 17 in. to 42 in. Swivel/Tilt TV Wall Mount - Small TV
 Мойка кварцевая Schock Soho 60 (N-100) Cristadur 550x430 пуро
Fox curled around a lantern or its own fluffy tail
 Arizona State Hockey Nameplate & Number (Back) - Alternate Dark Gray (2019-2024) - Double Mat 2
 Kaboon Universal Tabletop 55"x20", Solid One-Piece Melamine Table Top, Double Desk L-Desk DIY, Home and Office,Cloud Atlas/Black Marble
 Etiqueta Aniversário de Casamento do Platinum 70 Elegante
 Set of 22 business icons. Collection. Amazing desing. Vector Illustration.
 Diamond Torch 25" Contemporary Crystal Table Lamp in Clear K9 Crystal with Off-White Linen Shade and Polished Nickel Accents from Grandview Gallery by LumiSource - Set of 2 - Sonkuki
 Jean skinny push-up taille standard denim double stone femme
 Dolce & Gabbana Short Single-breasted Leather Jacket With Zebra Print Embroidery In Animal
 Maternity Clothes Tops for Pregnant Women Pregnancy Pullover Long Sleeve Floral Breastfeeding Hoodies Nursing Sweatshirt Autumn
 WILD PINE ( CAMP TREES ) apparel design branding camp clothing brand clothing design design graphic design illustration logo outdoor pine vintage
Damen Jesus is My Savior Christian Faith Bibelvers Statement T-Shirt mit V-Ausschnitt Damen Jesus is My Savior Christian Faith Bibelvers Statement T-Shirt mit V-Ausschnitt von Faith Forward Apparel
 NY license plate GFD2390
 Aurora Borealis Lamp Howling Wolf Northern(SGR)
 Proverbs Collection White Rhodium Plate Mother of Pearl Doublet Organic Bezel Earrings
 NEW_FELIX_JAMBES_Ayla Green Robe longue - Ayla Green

## [TRY IT]
Once you have read the data, copy all of it out exactly.

## [TASK RESPONSE]
 17 in. to 42 in. Swivel/Tilt TV Wall Mount - Small TV
 Мойка кварцевая Schock Soho 60 (N-100) Cristadur 550x430 пуро
Fox curled around a lantern or its own fluffy tail
 Arizona State Hockey Nameplate & Number (Back) - Alternate Dark Gray (2019-2024) - Double Mat 2
 Kaboon Universal Tabletop 55"x20", Solid One-Piece Melamine Table Top, Double Desk L-Desk DIY, Home and Office,Cloud Atlas/Black Marble
 Etiqueta Aniversário de Casamento do Platinum 70 Elegante
 Set of 22 business icons. Collection. Amazing desing. Vector Illustration.
 Diamond Torch 25" Contemporary Crystal Table Lamp in Clear K9 Crystal with Off-White Linen Shade and Polished Nickel Accents from Grandview Gallery by LumiSource - Set of 2 - Sonkuki
 Jean skinny push-up taille standard denim double stone femme
 Dolce & Gabbana Short Single-breasted Leather Jacket With Zebra Print Embroidery In Animal
 Maternity Clothes Tops for Pregnant Women Pregnancy Pullover Long Sleeve Floral Breastfeeding Hoodies Nursing Sweatshirt Autumn
 WILD PINE ( CAMP TREES ) apparel design branding camp clothing brand clothing design design graphic design illustration logo outdoor pine vintage
Damen Jesus is My Savior Christian Faith Bibelvers Statement T-Shirt mit V-Ausschnitt Damen Jesus is My Savior Christian Faith Bibelvers Statement T-Shirt mit V-Ausschnitt von Faith Forward Apparel
 NY license plate GFD2390
 Aurora Borealis Lamp Howling Wolf Northern(SGR)
 Proverbs Collection White Rhodium Plate Mother of Pearl Doublet Organic Bezel Earrings
 NEW_FELIX_JAMBES_Ayla Green Robe longue - Ayla Green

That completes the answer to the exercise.